One of the keys to the success of Gareth Edwards' 2014 "Godzilla" is restraint. The first half of the film is spent building up the big guy's first appearance onscreen — and the spectacular visual effects ensure the moment isn't a letdown.

Five years later, Michael Dougherty's "Godzilla: King of the Monsters" takes the opposite approach to diminishing results. The movie's opening minutes take us back to Godzilla's battle against the MUTOs (massive unidentified terrestrial organisms) in San Francisco, where husband-and-wife scientists Mark (Kyle Chandler) and Emma (Vera Farmiga) Russell save their young daughter Madison but lose their son.

Skipping ahead to the present, we learn Monarch, the secret scientific organization devoted to studying the MUTOs, has spent the intervening years discovering more of the massive beasts — they call them "titans" — around the world, 17 and counting.

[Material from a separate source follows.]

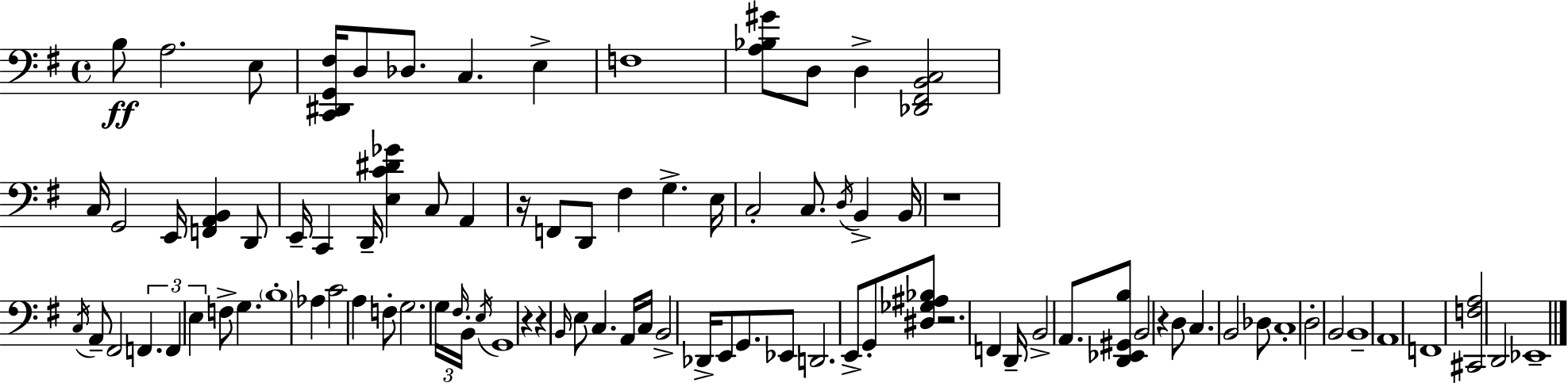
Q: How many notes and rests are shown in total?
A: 92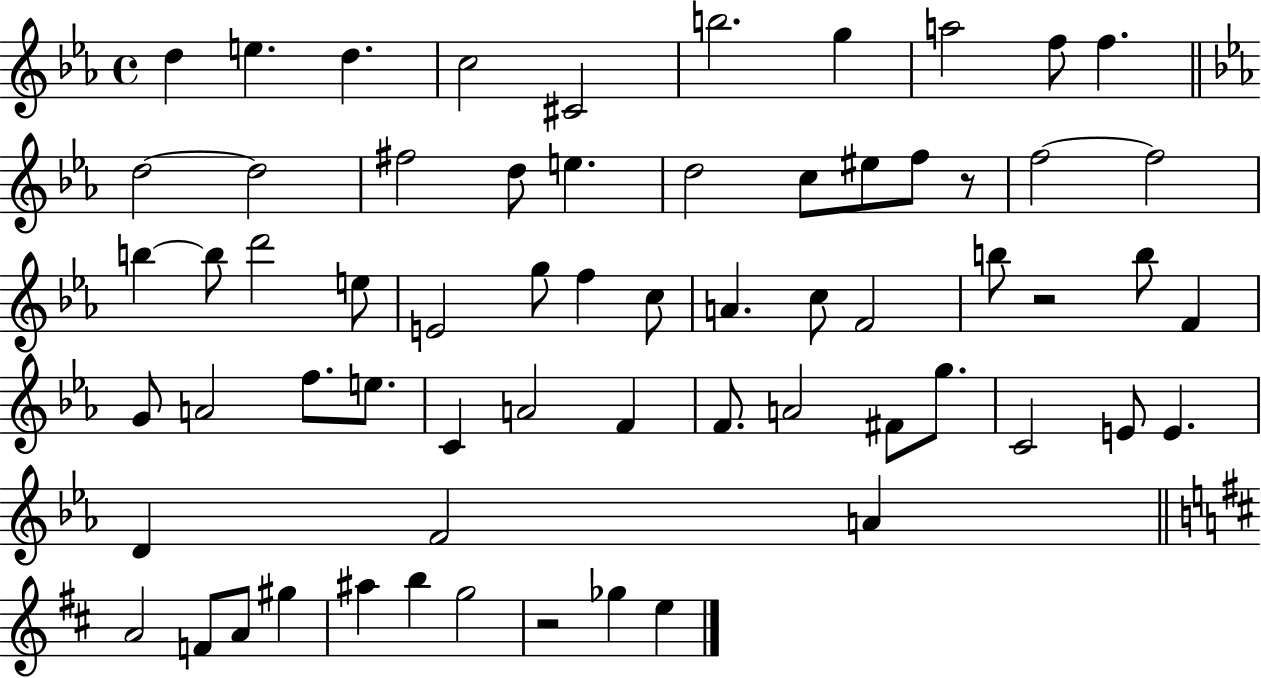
D5/q E5/q. D5/q. C5/h C#4/h B5/h. G5/q A5/h F5/e F5/q. D5/h D5/h F#5/h D5/e E5/q. D5/h C5/e EIS5/e F5/e R/e F5/h F5/h B5/q B5/e D6/h E5/e E4/h G5/e F5/q C5/e A4/q. C5/e F4/h B5/e R/h B5/e F4/q G4/e A4/h F5/e. E5/e. C4/q A4/h F4/q F4/e. A4/h F#4/e G5/e. C4/h E4/e E4/q. D4/q F4/h A4/q A4/h F4/e A4/e G#5/q A#5/q B5/q G5/h R/h Gb5/q E5/q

Following a divorce, Mark has retreated from it all, living alone in the Colorado wilderness. Emma, along with Madison (Millie Bobby Brown), is stationed at a Monarch outpost in China, where she's developed a device to communicate with the titans via sonar. Naturally, that's a valuable piece of equipment, and Emma and Madison quickly are taken hostage by Jonah Alan (Charles Dance), a former British Army officer turned ecoterrorist.

To be fair, "King of the Monsters" features superb creature design — its roster of kaiju includes old favorites Mothra, Rodan and the three-headed, dragon-like King Ghidora — and gorgeous, even painterly images. Mothra's bright, glowing appearance is particularly striking in a film dominated by grays and browns, and Rodan emerging from a long dormant Mexican volcano is simultaneously beautiful and terrible.

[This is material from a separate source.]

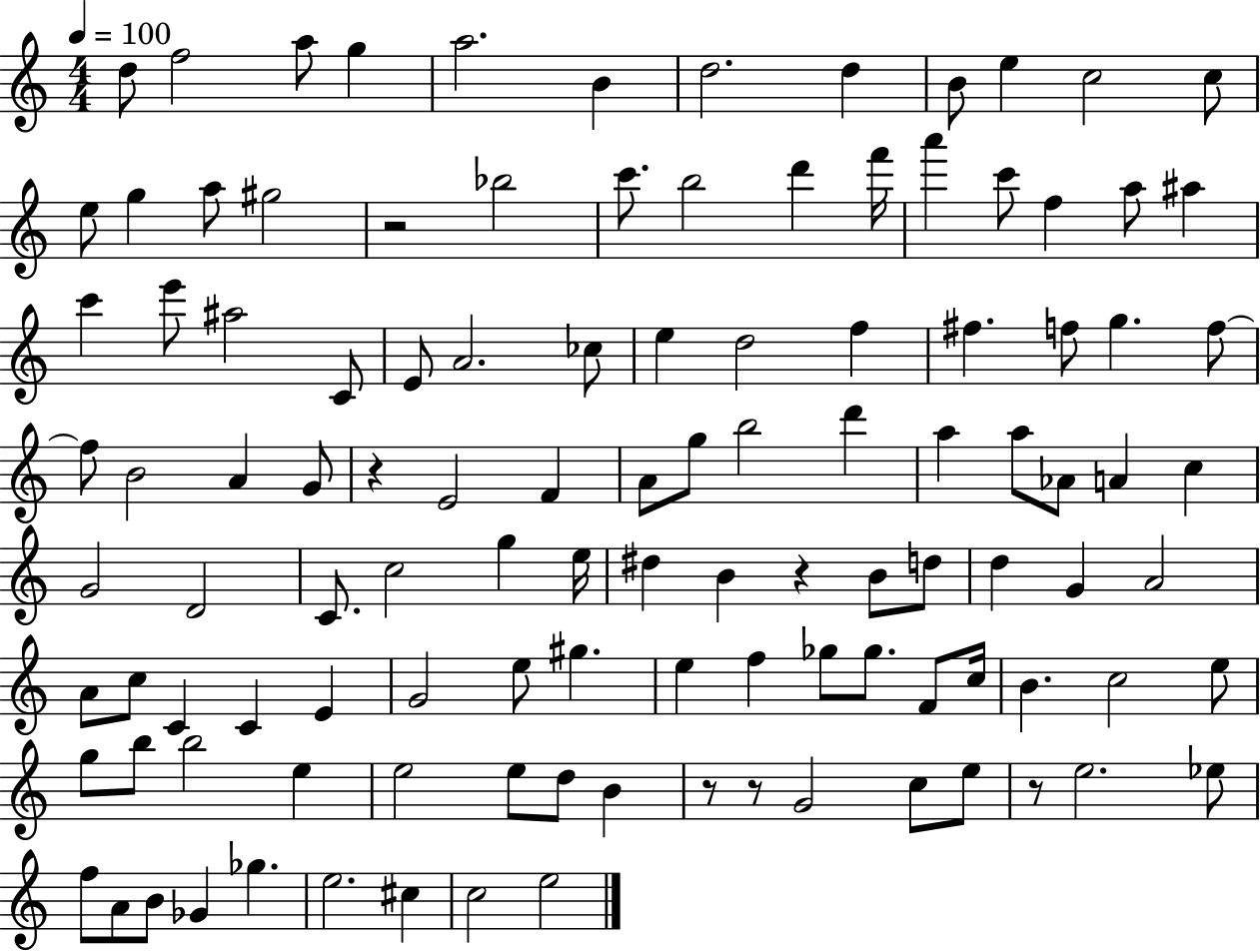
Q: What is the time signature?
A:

Even amid the constant storms that follow them around, the kaiju throwdowns — during which cities all over the world are reduced to rubble — are easy enough to follow. Dougherty, who directs and co-wrote the screenplay with Zach Shields, has obvious affection for these titans — perhaps too much. He gives them so much attention — not to mention screen time — that it quickly becomes numbing; what begins as awe-inspiring spectacle becomes routine.

Underwritten human roles further dull the movie's impact. This is the kind of film that virtually cries out for an actor who oozes charisma simply by appearing — someone of the Dwayne Johnson mold. Lacking that, at least give it some of the devious humor that played such a big role in Dougherty's holiday horror cult classics "Trick 'r Treat" (2007) and "Krampus" (2015).

The cast — which includes Ken Watanabe, Sally Hawkins, Ziyi Zhang and O'Shea Jackson Jr. — certainly is capable, but they're hamstrung by having to play everything deadly serious instead of acknowledging the total lunacy around them. Only Bradley Whitford, as a scientist who insists Godzilla travels so quickly by traversing giant subterranean tunnels, provides any real comic relief.

Frequent references to Kong and Skull Island are setting up next year's "Godzilla vs. Kong," which will be a sequel to both "King of the Monsters" and 2017's "Kong: Skull Island." Based on the three previous films, it's sure to look fantastic, but let's hope it adopts more of the offbeat, character-centric approach of the latter than the unrelenting grim tone of the former.

Rated PG-13 for sequences of monster action violence and destruction, and for some language. 131 minutes.